Important Note Regarding Input Data: this project does not include any sample data for indexing. The solr-importer is designed to process data that needs to be sourced externally, for instance, from the ICM's OCEAN cluster. The importer expects to find the input data files organized in the following directory structure within the container's filesystem:
❯ tree openaire-solr-importer/resources/prod_xml_json
solr-importer/resources/prod_xml_json
├── part-00000-016f0fea-e0d0-4210-a4d6-ece83b3e3e18-c000.json.gz
├── part-00001-016f0fea-e0d0-4210-a4d6-ece83b3e3e18-c000.json.gz
├── part-00003-016f0fea-e0d0-4210-a4d6-ece83b3e3e18-c000.json.gz
└── part-00004-016f0fea-e0d0-4210-a4d6-ece83b3e3e18-c000.json.gz
Ensure that your data files are appropriately mounted or copied into the container at this location for the importer to function correctly during the indexing process.
- Start the Solr cluster and the importer
Use Docker Compose to start all the defined services – the Zookeeper nodes, the Solr nodes, and the solr-importer container – in detached mode (-d):
❯ docker compose up -d
[+] Running 7/7
✔ Container zoo2 Started 0.3s
✔ Container zoo1 Started 0.3s
✔ Container zoo3 Started 0.3s
✔ Container solr3 Started 0.6s
✔ Container solr1 Started 0.6s
✔ Container solr2 Started 0.7s
✔ Container solr-importer Started
This command will initiate the containers in the background.

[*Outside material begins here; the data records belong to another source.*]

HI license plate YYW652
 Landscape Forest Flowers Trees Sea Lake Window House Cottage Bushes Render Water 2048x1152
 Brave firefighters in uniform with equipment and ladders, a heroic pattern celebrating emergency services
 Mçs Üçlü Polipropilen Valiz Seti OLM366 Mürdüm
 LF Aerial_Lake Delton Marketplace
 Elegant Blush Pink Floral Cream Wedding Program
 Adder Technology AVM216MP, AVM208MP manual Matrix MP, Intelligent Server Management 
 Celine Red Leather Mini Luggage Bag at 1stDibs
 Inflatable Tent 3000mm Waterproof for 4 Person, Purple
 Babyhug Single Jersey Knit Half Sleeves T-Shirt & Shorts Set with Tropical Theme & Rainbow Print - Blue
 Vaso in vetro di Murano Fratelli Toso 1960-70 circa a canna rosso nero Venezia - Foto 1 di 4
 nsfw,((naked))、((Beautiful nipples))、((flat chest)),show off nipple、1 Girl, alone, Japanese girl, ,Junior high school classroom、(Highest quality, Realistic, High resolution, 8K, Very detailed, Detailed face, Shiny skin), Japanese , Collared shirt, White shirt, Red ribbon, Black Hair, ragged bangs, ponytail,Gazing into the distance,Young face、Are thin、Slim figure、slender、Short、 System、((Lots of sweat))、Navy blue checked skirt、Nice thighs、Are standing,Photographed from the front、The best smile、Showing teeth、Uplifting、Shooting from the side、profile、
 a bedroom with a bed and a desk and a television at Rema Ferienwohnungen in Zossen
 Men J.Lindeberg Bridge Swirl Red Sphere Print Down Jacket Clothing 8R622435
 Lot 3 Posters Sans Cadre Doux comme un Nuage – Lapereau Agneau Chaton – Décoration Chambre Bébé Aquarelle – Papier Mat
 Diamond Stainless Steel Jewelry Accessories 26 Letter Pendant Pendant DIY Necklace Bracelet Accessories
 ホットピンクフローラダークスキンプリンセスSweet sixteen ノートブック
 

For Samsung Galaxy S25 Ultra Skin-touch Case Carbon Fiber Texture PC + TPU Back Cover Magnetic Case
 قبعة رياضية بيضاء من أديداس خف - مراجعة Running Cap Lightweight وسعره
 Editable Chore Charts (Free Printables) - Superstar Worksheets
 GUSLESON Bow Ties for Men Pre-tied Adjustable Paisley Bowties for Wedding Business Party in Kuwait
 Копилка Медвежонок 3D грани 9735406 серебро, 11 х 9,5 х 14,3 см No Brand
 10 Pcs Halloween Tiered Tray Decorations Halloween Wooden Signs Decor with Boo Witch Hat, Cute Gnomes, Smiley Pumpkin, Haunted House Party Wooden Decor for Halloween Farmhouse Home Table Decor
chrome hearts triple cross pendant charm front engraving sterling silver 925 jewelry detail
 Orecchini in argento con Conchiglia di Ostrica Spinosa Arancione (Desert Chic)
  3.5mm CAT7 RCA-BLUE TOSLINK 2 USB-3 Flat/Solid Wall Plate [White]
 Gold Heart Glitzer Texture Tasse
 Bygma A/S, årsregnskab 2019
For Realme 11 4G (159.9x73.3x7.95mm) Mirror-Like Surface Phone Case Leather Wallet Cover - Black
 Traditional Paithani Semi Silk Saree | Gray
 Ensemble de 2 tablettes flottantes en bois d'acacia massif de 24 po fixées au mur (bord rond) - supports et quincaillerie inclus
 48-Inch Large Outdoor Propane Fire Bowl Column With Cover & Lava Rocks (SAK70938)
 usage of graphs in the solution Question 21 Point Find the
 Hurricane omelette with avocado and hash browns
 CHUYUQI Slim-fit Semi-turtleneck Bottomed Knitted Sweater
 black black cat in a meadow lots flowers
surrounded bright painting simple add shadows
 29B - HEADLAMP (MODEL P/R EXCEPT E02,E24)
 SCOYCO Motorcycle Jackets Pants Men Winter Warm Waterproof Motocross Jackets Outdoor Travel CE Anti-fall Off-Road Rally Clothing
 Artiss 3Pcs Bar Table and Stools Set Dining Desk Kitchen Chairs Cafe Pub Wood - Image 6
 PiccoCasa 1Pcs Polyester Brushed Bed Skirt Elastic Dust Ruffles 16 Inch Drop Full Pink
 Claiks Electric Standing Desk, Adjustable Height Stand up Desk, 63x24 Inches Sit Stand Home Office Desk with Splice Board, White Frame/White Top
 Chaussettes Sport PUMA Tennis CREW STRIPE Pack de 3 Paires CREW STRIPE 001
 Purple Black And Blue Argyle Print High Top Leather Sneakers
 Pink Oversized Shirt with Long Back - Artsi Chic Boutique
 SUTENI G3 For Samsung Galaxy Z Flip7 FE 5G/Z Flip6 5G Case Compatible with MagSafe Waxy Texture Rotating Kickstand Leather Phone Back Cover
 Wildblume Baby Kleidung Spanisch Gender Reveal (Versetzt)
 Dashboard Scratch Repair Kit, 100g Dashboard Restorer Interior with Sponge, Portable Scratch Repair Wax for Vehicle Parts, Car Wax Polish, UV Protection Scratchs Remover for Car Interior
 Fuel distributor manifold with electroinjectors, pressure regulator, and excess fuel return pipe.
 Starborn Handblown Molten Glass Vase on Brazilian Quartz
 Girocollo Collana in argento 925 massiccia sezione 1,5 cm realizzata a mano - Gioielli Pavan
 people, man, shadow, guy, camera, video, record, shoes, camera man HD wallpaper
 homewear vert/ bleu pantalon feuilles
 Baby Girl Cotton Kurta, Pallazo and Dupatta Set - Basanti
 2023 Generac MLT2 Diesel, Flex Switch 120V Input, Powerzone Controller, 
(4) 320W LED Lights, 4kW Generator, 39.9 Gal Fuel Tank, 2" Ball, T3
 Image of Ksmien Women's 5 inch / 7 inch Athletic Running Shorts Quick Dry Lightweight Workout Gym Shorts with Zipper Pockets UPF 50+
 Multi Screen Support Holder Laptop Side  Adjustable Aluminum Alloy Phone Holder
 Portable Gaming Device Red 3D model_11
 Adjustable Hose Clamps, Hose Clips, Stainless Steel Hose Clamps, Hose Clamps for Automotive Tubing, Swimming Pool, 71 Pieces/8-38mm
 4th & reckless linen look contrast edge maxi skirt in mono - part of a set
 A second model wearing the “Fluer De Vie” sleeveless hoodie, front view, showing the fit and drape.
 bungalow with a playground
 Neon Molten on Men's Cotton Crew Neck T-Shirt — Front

You can monitor their startup progress in your terminal and/or in the docker desktop application. A successful startup will show the status of each container as "Started":
Interacting with Solr
The Solr and Zookeeper nodes within this Docker setup operate within a shared Docker network, named solr, as defined
in the docker-compose.yml file.
Consequently, the internal cluster configuration managed by Zookeeper uses network addresses specific to this internal solr network.
When attempting to interact with the Solr cluster from an application outside this solr Docker network using the standard
org.apache.solr.client.solrj.impl.CloudSolrClient, you might encounter connectivity issues. This is because the Solr node
addresses registered in Zookeeper are not directly resolvable from the external network context.
To illustrate how to interact with the Solr cluster running inside Docker from an external application without relying on
Zookeeper-based node discovery, the unit test eu.dnetlib.dhp.solr.SolrClientTest provides a practical example.
It demonstrates the use of org.apache.solr.client.solrj.impl.LBHttpSolrClient.
This client allows you to directly connect to the Solr nodes using their externally exposed ports, bypassing the need for
Zookeeper-driven discovery in external client scenarios.